Review ArticleVolume 73, Issue 8, March 2019

JOURNAL:J Am Coll Cardiol. Article Link

PCI and CABG for Treating Stable Coronary Artery Disease

T Doenst, A Haverich, P Serruys et al. Keywords: heart team; prognosis; survival benefit

ABSTRACT


Percutaneous coronary intervention (PCI) and coronary artery bypass grafting (CABG) are considered revascularization procedures, but only CABG can prolong life in stable coronary artery disease. Thus, PCI and CABG mechanisms may differ. Viability and/or ischemia detection to guide revascularization have been unable to accurately predict treatment effects of CABG or PCI, questioning a revascularization mechanism for improving survival. By contrast, preventing myocardial infarction may save lives.

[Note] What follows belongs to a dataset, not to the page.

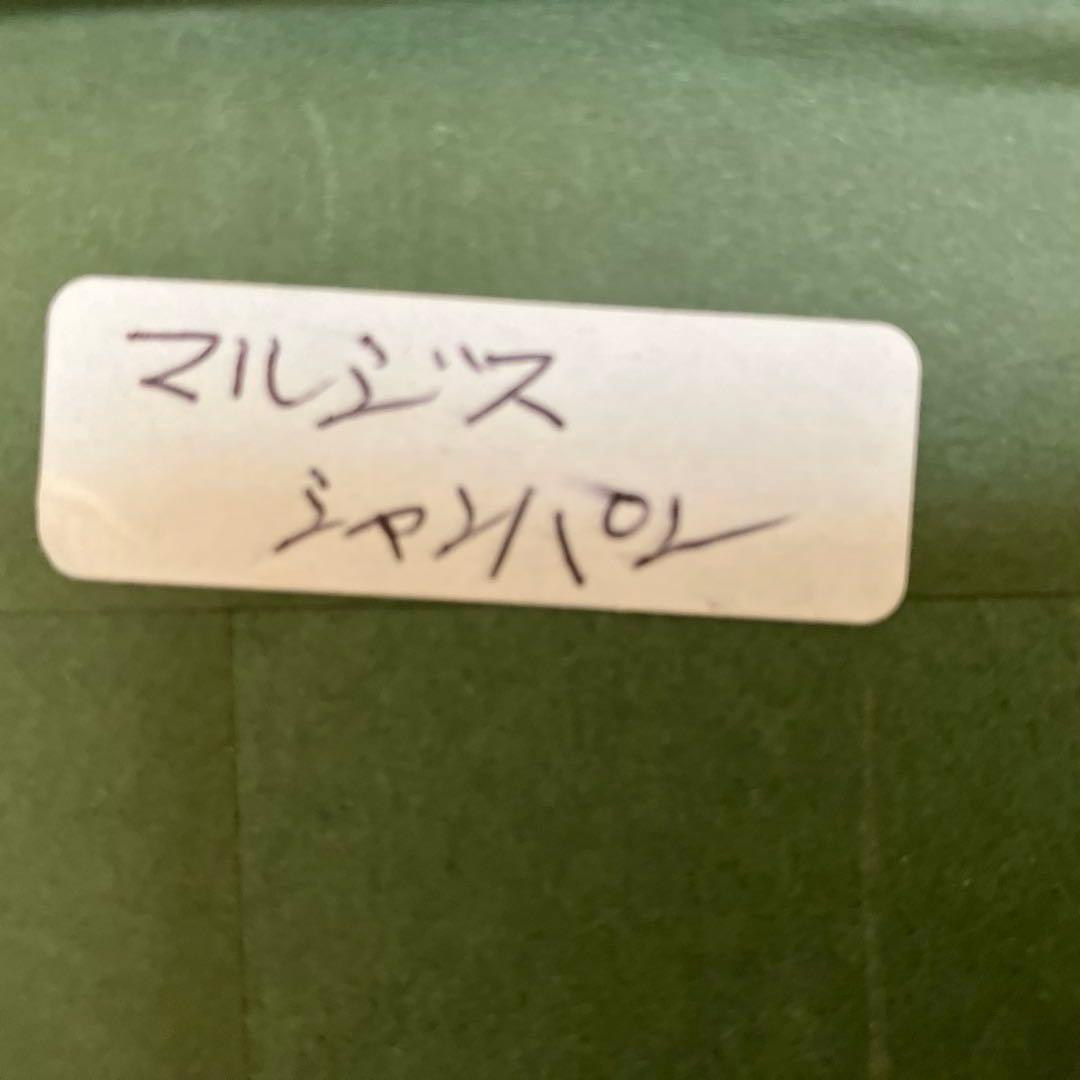 水彩画 女性と花の静物画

However, the majority of infarcts are generated by non–flow-limiting stenoses, but PCI is solely focused on treating flow-limiting lesions. Thus, PCI cannot be expected to significantly limit new infarcts, but CABG may do so through providing flow distal to vessel occlusions. All comparisons of CABG to PCI or medical therapy that demonstrate survival effects with CABG also demonstrate infarct reduction. Thus, CABG may differ from PCI by providing “surgical collateralization,” prolonging life by preventing myocardial infarctions. The evidence is reviewed here.